Department of Surgery, Clinica Chirurgica, University of Cagliari, Cagliari, Italy.
World J Surg Oncol. 2011 Oct 14;9:128. doi: 10.1186/1477-7819-9-128.
This study aimed to describe an unusual case of metachronous isolated inguinal lymph nodes metastasis from sigmoid carcinoma. A 62-year-old man was referred to our department because of an obstructing sigmoid carcinoma. Colonoscopy showed the obstructing lesion at 30 cm from the anal verge and abdominal CT revealed a sigmoid lesion infiltrating the left lateral abdominal wall. The patient underwent a colonic resection extended to the abdominal wall. Histology showed an adenocarcinoma of the colon infiltrating the abdominal wall with iuxtacolic nodal involvement. Thirty three months after surgery abdominal CT and PET scan revealed a metastatic left inguinal lymph node involvement. The metastatic lymph node was found strictly adherent to the left iliac-femoral artery and encompassing the origin of the left inferior epigastric artery. Histology showed a metachronous nodal metastasis from colonic adenocarcinoma. Despite metastastic involvement of inguinal lymph node from rectal cancer is a rare but well known clinical entity, to the best of our knowledge, this is the first report of inguinal metastasis from a carcinoma of the left colon. Literature review shows only three other similar reported cases: two cases of inguinal metastasis secondary to adenocarcinoma of the cecum and one case of axillary metastasis from left colonic carcinoma. A metastatic pathway through superficial abdominal wall lymphatic vessels could be possible through the route along the left inferior epigastric artery. The solitary inguinal nodal involvement from rectal carcinoma could have a more favorable prognosis. In the case of nodal metastasis to the body surface lymph nodes from colonic carcinoma, following the small number of such cases reported in the literature, no definitive conclusions can be drawn.

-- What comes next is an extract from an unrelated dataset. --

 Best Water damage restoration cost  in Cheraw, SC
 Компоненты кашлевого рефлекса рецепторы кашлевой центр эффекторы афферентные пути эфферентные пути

本研究旨在描述一例来自乙状结肠癌的同时性孤立性腹股沟淋巴结转移的不寻常病例。一名 62 岁男性因梗阻性乙状结肠癌就诊于我科。结肠镜检查显示距肛门 30cm 处有梗阻性病变,腹部 CT 显示乙状结肠病变浸润左侧腹壁。患者接受了结肠切除术并延伸至腹壁。组织学显示乙状结肠癌浸润腹壁并伴有结肠旁淋巴结受累。术后 33 个月,腹部 CT 和 PET 扫描显示左侧腹股沟淋巴结转移。转移性淋巴结紧贴左侧骼股动脉,环绕左脐下动脉的起源处。组织学显示来自结肠腺癌的同时性淋巴结转移。尽管直肠癌的腹股沟淋巴结转移是一种罕见但众所周知的临床实体,但据我们所知,这是首例来自左侧结肠癌的腹股沟转移报告。文献复习仅显示其他三个类似的报道病例:两例盲肠腺癌引起的腹股沟转移,一例左侧结肠癌引起的腋窝转移。通过沿左脐下动脉的途径,通过腹壁浅表淋巴管转移的可能性是存在的。来自直肠癌的孤立性腹股沟淋巴结受累可能具有更有利的预后。对于来自结肠癌的体表面淋巴结转移的病例,鉴于文献中报道的此类病例数量较少,无法得出明确的结论。